- **Supplied records**:

※ ※ ※

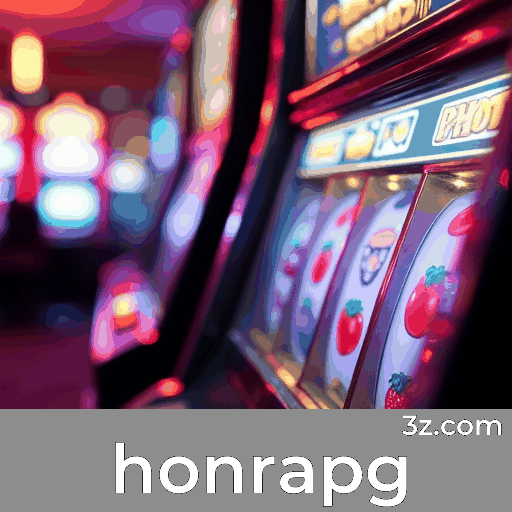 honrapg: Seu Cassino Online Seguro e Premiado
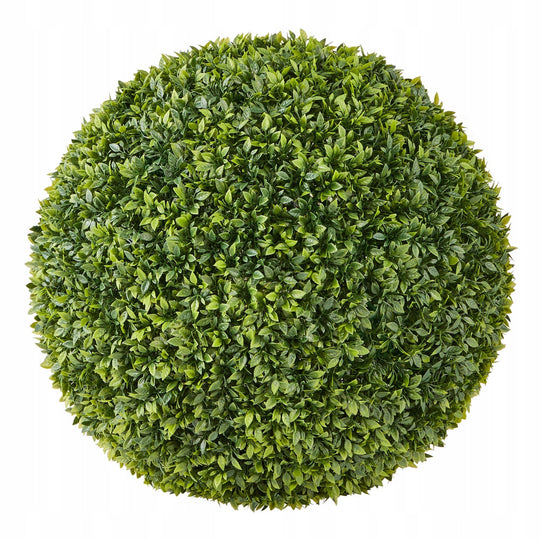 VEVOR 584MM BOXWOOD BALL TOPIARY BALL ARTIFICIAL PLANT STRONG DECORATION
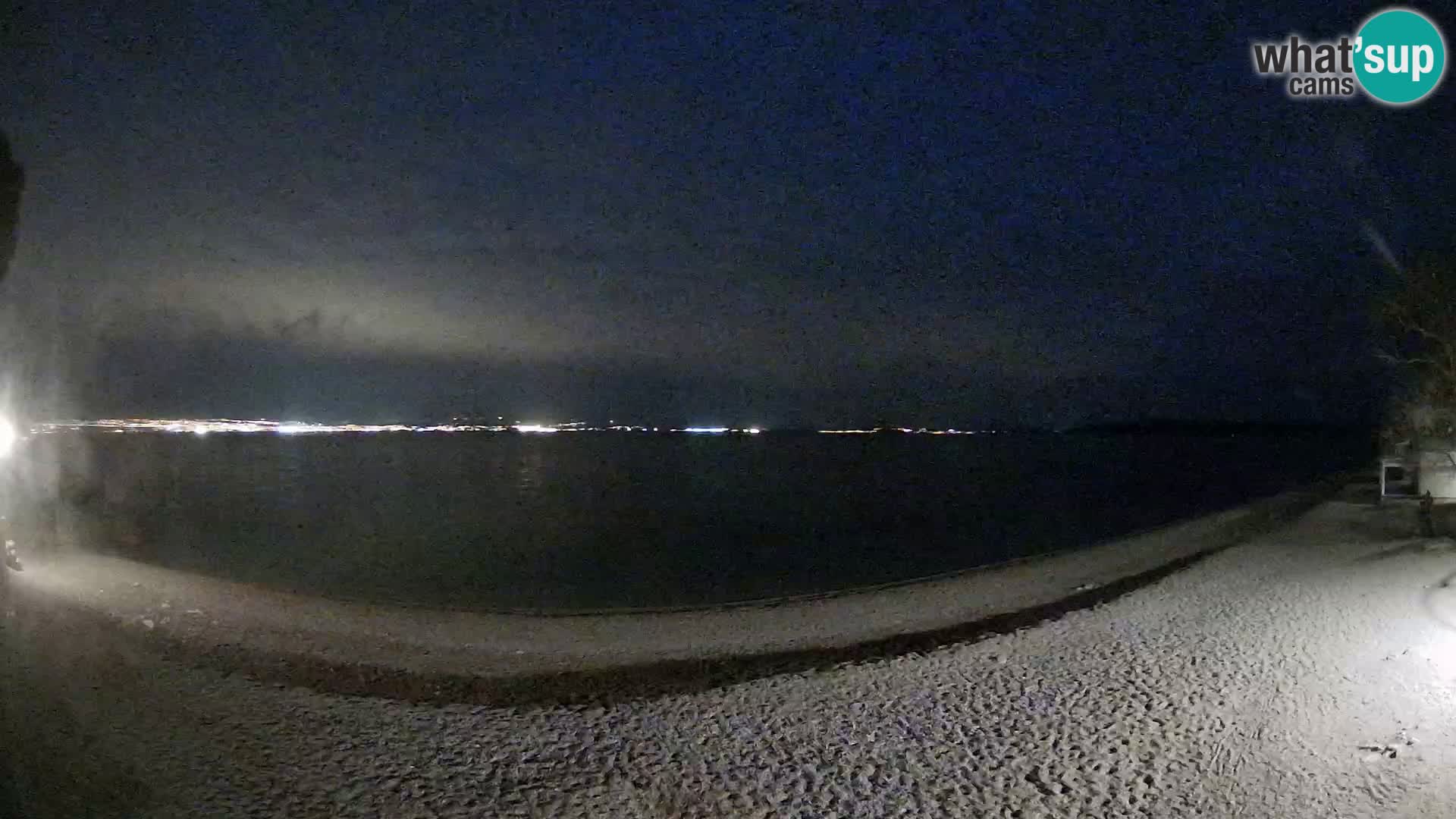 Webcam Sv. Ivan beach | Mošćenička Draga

※ ※ ※

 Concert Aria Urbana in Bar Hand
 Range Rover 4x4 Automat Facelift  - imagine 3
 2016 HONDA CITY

※ ※ ※

- **About this task**: In the listing above, locate the line containing "Range Rover 4x4" and the line containing "2016 HONDA CITY", then transcribe both and every line between them verbatim.

- **Exercise response**:
 Range Rover 4x4 Automat Facelift  - imagine 3
 2016 HONDA CITY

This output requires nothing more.